/CANAVER

Code for Multimodal Cross Attention Network for Audio Visual Emotion Recognition

Primary LanguagePython

CANAVER

Code for Multimodal Cross Attention Network for Audio Visual Emotion Recognition submiited to ICASSP 2023

Please download the video files of CREMA-D (https://github.com/CheyneyComputerScience/CREMA-D) and MSP-IMPROV (https://ecs.utdallas.edu/research/researchlabs/msp-lab/MSP-Improv.html) datasets. The files need to be converted to appropriate format, the helper code of which will be made available upon request.
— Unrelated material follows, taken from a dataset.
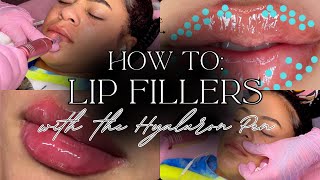 How to do Lip Filler w the Hyaluron Pen  Hyaluron Pen Tutorial  hyaluronpen hyaluronicacid [upl. by Marozik]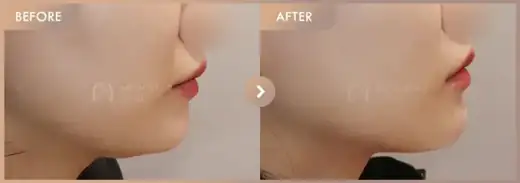InMode FX + FORMA: before-and-after comparison at Newstar Clinic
The code available here can be considered as 4 distinct steps:

  1. The audio classifier can be trained by running the file train_ft_wav2vec.py in the audio classifier folder. The windowed audio features as described in the paper can be extracted using the code get_wav2vec_features_hop.py. The feature extractor can only run once the model is trained.
  2. The video feature extractor timesformer is to be trained using the repository (https://github.com/facebookresearch/TimeSformer) by running the file train_video.py. This is followed by the windowed feature extractor in the code get_timesformer_features_hop.py
  3. Once the timesformer windowed features are available the GRU with self-attention can be trained by running the code video_GRU.py. The context enhanced GRU features for video is extracted by the code vid_get_GRU_features.py
  4. Finally the multimodal block is trained using the code GRU_multimodal_classifier.py.